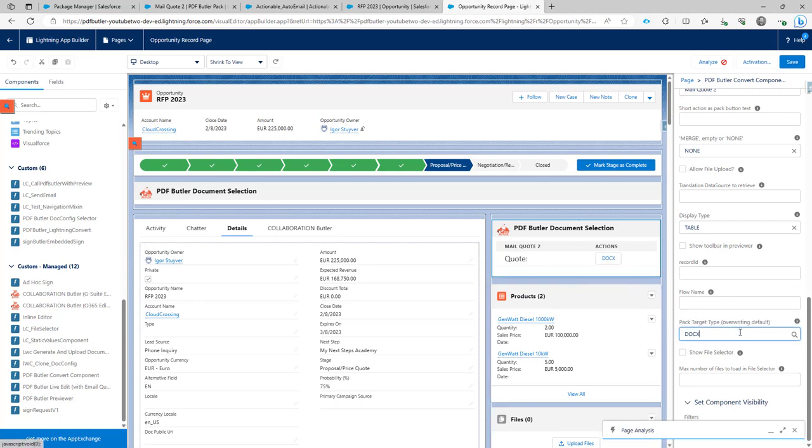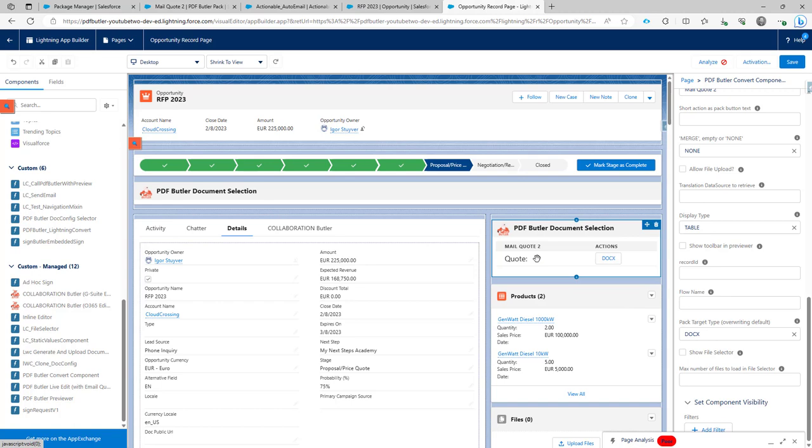So this way you can easily now update the target type that you want to use to send out documents via a pack or generate documents directly for a pack.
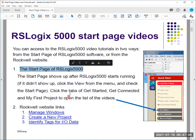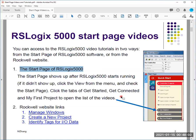Right now in our lab we have a newer version — it's the Studio 5000 Logic Designer. In this new version I haven't seen any video attached with the software, so because of this we don't have access to those videos from the software anymore.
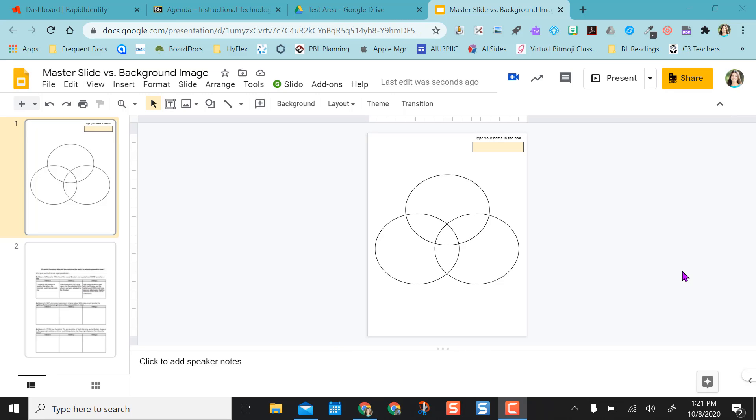Hello, this video is going to show you the difference between adding images in the master slide versus adding images as the background image.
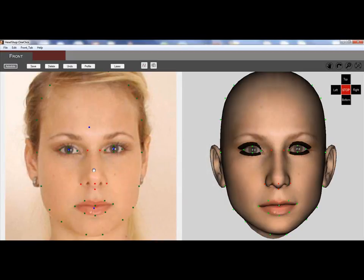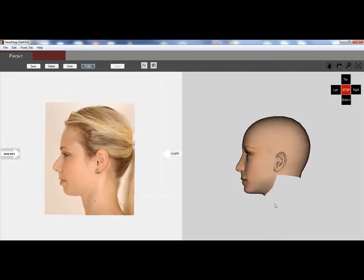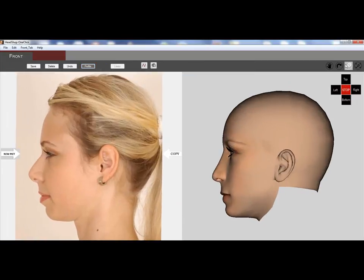If you like it, you are done and you can go back to the studio. You can also fine tune with auto dots, or if you have a second picture, such as a profile, you can also trace profiles and make it even more realistic.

◆ Task
Write out the listing above again, exactly, but with no pictures in the copy.

◆ Task solution
So this way you can easily now update the target type that you want to use to send out documents via a pack or generate documents directly for a pack.
Right now in our lab we have a newer version — it's the Studio 5000 Logic Designer. In this new version I haven't seen any video attached with the software, so because of this we don't have access to those videos from the software anymore.
Hello, this video is going to show you the difference between adding images in the master slide versus adding images as the background image.
If you like it, you are done and you can go back to the studio. You can also fine tune with auto dots, or if you have a second picture, such as a profile, you can also trace profiles and make it even more realistic.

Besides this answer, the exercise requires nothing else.